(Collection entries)
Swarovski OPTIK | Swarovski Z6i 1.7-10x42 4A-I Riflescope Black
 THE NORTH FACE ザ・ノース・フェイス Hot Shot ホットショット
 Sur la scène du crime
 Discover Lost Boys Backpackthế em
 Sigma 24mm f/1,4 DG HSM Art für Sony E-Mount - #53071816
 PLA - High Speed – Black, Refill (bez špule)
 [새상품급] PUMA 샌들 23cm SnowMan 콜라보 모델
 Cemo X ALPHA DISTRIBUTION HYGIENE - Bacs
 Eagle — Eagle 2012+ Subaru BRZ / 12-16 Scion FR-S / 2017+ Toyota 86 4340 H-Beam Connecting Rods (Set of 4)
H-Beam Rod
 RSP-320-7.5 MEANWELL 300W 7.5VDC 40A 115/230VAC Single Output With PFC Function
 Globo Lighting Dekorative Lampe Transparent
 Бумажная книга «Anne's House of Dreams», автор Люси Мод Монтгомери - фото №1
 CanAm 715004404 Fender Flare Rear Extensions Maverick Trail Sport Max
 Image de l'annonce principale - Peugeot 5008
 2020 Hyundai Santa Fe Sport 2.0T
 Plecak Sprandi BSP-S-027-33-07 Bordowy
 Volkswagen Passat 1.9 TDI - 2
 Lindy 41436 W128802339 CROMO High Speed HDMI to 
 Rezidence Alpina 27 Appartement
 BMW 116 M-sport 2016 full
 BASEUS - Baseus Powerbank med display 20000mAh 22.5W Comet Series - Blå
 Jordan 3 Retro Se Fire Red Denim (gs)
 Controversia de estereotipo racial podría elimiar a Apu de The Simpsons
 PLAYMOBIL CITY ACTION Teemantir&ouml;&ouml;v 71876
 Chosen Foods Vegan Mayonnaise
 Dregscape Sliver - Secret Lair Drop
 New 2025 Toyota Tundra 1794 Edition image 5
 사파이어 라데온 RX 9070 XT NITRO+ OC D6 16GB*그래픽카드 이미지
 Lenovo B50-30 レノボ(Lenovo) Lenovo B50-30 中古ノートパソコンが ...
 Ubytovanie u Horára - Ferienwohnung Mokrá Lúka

YOUR INSTRUCTIONS: Could you print, exactly and with nothing else, the lines from the one containing "New 2025 Toyota Tundra 1794 Edition image 5" through the last line of the records above?

WRITTEN REPLY:
 New 2025 Toyota Tundra 1794 Edition image 5
 사파이어 라데온 RX 9070 XT NITRO+ OC D6 16GB*그래픽카드 이미지
 Lenovo B50-30 レノボ(Lenovo) Lenovo B50-30 中古ノートパソコンが ...
 Ubytovanie u Horára - Ferienwohnung Mokrá Lúka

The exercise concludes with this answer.